» **PROBLEM**
Restate word for word the lines in the listing below, starting at the line containing "Fotolia_82551245_XS-2-2" and ending at the line containing "whose out there", both included; leave out the rest.

[SOURCE DATA Boundary: Start]

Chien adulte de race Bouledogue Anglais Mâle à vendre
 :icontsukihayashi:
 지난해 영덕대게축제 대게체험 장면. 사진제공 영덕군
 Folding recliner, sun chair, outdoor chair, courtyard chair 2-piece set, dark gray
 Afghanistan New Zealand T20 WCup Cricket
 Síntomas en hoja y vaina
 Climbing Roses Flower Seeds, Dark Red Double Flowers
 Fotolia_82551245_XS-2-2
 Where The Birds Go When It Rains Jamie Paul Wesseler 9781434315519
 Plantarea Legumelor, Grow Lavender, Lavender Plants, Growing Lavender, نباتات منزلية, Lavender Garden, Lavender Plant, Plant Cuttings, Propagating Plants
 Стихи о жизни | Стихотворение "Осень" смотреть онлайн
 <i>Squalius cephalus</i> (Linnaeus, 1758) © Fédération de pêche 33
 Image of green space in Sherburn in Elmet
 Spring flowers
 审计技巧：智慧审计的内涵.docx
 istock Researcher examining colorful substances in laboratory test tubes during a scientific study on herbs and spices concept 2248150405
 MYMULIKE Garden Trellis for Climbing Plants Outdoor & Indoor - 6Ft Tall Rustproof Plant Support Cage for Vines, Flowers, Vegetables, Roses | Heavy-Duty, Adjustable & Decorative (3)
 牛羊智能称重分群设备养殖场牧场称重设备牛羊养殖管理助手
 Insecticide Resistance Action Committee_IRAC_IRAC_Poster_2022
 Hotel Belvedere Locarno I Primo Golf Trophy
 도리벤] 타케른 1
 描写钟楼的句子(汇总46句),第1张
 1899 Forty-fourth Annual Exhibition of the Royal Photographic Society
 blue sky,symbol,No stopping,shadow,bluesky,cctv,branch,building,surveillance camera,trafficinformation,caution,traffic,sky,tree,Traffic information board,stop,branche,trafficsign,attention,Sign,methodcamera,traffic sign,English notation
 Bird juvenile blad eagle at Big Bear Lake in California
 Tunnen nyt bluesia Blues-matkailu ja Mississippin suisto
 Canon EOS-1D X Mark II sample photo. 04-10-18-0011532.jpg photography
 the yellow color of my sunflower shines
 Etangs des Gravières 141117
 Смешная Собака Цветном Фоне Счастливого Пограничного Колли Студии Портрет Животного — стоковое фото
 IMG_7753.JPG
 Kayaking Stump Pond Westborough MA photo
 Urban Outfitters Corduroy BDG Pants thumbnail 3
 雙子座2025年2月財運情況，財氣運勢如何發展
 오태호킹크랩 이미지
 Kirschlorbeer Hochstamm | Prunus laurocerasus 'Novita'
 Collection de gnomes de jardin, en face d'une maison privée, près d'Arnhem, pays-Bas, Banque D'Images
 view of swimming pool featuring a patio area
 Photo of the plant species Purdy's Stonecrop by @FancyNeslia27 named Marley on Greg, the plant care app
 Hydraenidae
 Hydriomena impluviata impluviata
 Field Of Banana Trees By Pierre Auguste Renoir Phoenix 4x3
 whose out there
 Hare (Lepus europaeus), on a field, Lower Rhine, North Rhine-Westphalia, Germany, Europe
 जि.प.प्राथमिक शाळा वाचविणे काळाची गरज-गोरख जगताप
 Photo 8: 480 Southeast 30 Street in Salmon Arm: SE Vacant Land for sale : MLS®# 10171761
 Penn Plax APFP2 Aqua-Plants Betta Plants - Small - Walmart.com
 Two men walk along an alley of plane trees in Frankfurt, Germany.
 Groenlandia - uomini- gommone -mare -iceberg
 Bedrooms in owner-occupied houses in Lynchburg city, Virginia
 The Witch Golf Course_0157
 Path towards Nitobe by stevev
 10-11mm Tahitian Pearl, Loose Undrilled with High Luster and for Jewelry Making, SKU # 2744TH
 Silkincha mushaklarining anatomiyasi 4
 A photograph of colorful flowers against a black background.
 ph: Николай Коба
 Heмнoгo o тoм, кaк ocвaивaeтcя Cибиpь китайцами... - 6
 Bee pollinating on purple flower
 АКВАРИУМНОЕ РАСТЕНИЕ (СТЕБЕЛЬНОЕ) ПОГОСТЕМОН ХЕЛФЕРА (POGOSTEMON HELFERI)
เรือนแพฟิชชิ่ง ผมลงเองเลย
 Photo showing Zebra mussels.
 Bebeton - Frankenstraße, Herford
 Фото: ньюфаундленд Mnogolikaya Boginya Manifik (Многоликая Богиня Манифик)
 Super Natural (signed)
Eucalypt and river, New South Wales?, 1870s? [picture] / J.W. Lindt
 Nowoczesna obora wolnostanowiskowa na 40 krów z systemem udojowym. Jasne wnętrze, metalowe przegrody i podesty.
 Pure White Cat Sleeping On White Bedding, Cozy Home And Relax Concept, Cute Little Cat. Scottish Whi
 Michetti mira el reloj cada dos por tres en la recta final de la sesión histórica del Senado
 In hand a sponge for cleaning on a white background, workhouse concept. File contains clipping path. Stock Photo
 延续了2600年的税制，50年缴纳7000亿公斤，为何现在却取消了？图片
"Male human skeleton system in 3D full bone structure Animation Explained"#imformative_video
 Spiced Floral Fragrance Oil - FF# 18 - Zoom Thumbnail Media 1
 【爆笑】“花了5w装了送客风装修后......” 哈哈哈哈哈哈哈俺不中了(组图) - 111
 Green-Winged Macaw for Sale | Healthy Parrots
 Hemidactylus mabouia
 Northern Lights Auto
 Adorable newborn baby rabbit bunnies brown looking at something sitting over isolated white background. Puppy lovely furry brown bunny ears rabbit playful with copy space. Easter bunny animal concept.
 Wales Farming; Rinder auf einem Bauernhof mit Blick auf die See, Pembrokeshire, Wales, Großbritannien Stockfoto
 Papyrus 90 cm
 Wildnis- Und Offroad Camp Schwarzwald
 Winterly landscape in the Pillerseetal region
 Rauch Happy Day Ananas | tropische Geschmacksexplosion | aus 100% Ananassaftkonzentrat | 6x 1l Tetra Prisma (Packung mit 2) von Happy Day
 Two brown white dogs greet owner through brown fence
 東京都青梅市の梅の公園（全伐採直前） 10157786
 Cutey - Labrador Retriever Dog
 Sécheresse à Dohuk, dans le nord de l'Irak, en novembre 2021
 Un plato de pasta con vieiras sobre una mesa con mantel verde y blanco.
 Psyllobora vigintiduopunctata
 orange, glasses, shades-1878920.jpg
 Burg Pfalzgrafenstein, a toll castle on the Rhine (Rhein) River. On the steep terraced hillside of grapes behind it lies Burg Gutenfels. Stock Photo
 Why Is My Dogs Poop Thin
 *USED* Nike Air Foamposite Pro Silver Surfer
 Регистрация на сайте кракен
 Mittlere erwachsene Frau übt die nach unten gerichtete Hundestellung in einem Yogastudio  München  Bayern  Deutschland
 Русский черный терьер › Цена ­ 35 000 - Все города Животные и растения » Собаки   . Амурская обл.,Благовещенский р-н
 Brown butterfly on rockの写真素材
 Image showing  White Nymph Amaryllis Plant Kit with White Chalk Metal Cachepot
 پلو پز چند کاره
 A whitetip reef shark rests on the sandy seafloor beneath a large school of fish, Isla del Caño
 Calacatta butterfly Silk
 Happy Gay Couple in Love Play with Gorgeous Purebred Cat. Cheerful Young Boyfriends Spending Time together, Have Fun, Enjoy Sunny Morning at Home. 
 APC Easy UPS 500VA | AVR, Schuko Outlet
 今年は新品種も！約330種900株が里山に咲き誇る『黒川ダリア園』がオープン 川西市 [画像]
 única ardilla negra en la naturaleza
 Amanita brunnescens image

[SOURCE DATA Boundary: End]

» **EXERCISE ANSWER**
 Fotolia_82551245_XS-2-2
 Where The Birds Go When It Rains Jamie Paul Wesseler 9781434315519
 Plantarea Legumelor, Grow Lavender, Lavender Plants, Growing Lavender, نباتات منزلية, Lavender Garden, Lavender Plant, Plant Cuttings, Propagating Plants
 Стихи о жизни | Стихотворение "Осень" смотреть онлайн
 <i>Squalius cephalus</i> (Linnaeus, 1758) © Fédération de pêche 33
 Image of green space in Sherburn in Elmet
 Spring flowers
 审计技巧：智慧审计的内涵.docx
 istock Researcher examining colorful substances in laboratory test tubes during a scientific study on herbs and spices concept 2248150405
 MYMULIKE Garden Trellis for Climbing Plants Outdoor & Indoor - 6Ft Tall Rustproof Plant Support Cage for Vines, Flowers, Vegetables, Roses | Heavy-Duty, Adjustable & Decorative (3)
 牛羊智能称重分群设备养殖场牧场称重设备牛羊养殖管理助手
 Insecticide Resistance Action Committee_IRAC_IRAC_Poster_2022
 Hotel Belvedere Locarno I Primo Golf Trophy
 도리벤] 타케른 1
 描写钟楼的句子(汇总46句),第1张
 1899 Forty-fourth Annual Exhibition of the Royal Photographic Society
 blue sky,symbol,No stopping,shadow,bluesky,cctv,branch,building,surveillance camera,trafficinformation,caution,traffic,sky,tree,Traffic information board,stop,branche,trafficsign,attention,Sign,methodcamera,traffic sign,English notation
 Bird juvenile blad eagle at Big Bear Lake in California
 Tunnen nyt bluesia Blues-matkailu ja Mississippin suisto
 Canon EOS-1D X Mark II sample photo. 04-10-18-0011532.jpg photography
 the yellow color of my sunflower shines
 Etangs des Gravières 141117
 Смешная Собака Цветном Фоне Счастливого Пограничного Колли Студии Портрет Животного — стоковое фото
 IMG_7753.JPG
 Kayaking Stump Pond Westborough MA photo
 Urban Outfitters Corduroy BDG Pants thumbnail 3
 雙子座2025年2月財運情況，財氣運勢如何發展
 오태호킹크랩 이미지
 Kirschlorbeer Hochstamm | Prunus laurocerasus 'Novita'
 Collection de gnomes de jardin, en face d'une maison privée, près d'Arnhem, pays-Bas, Banque D'Images
 view of swimming pool featuring a patio area
 Photo of the plant species Purdy's Stonecrop by @FancyNeslia27 named Marley on Greg, the plant care app
 Hydraenidae
 Hydriomena impluviata impluviata
 Field Of Banana Trees By Pierre Auguste Renoir Phoenix 4x3
 whose out there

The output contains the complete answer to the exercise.